Discrete random variable (probability mass function): $p(x=a)=p(a), \sum_a p(a) = 1$
Continuous random variable (Cumulative/probability density function): $ p(a < x \leq b) = \int_{a}^{b} p(x) dx$
Mean:
1. Discrete variable: $\mathbb{E}[f(x)] = \sum_x f(x)p(x)$
2. Continuous variable: $\mathbb{E}[f(x)] = \int_x f(x)p(x)dx$
3. linearity: $ \mathbb{E}[\sum_i x_i] = \sum_i \mathbb{E}[x_i] $
4. $\mathbb{E}[x] = E_{y}[E(x|y)]$
Variance:
1. $ V[x] = \mathbb{E}[x^2] - (\mathbb{E}[x])^2 $
2. $V[ax+b] = a^2V[x]$
3. $V[x] = \mathbb{E}_{y}[\mathbb{E}[x^2|y]] - (\mathbb{E}_y[\mathbb{E}[x|y]])^2 = \mathbb{E}_{y}[V[x|y] + V_{y}[E[x|y]] $
Mode: $ \text{argmax}_{x} p(x)$.
Quantile (inverse CDF): $ F^{-1}(q)$. $ \mu \pm 1.96\sigma$: 95% quantiles of Gaussian.

Rules

$ p(A \cup B) = p(A) + p(B) - p(A\cap B); p(AB)=p(A|B)p(B); p(A)=\sum_b p(A|B=b)p(B=b) $
$ p(x_{1:D}) = p(x_1)p(x_2|x_1)...p(x_D|x_{1...D-1})$
Independent: $ x \bot y: p(xy)=p(x)p(y)$; $ x \bot y|z: p(x,y|z)=p(x|z)p(y|z)$=g(x,z)h(y,z)
Bayes' rule: $ p(\theta|D) = \frac{p(D|\theta)p(\theta)}{p(D)} $, e.g., Monty hall problem

Common distributions

Bernoulli (used for classification): logits $f(x)=xW^T+b$ or $\text{log} \frac{p}{1-p}$; sigmoid function $\frac{1}{1+e^{-f(x)}}$
Categorical (used for classification): softmax function $p_{c} = \frac{e^{a_c}}{\sum_{c'} e^{a_c'}} $. To prevent overflow or underflow, we apply the log-sum-exp trick.
Binomial and multinomial: repeated experiment of Bernoulli and Multinoulli
Empirical distribution: used to represent $p_{data}$.
Gaussian distribution: sum of independent variables, used to model residual errors.

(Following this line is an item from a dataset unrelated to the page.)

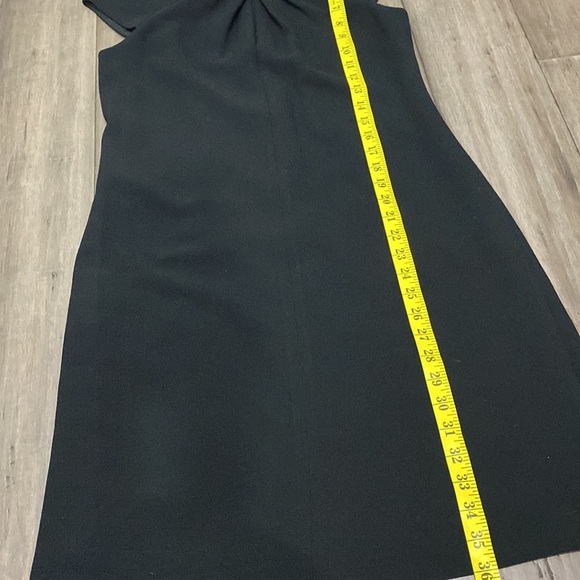 Eliza J bejeweled neckline black formal dress‎ sheath - Picture 9 of 10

Linear regression: $p(y|x,w) = \mathcal{N}(xw^T, \sigma^2)$. Dirac delta function.
Student t distribution: More robust than Gaussian in modeling outliers; Laplace distribution: sparse distribution and have a shape peak.
Beta distribution ($0\leq x \leq 1$) and (inverse) Gamma distribution ($ x>0$): these two distributions are used for Bayesian hierarchical modeling; Beta is used to model the parameter of Bernoulli; InverseGamma is used to model the standard deviation of Gaussian.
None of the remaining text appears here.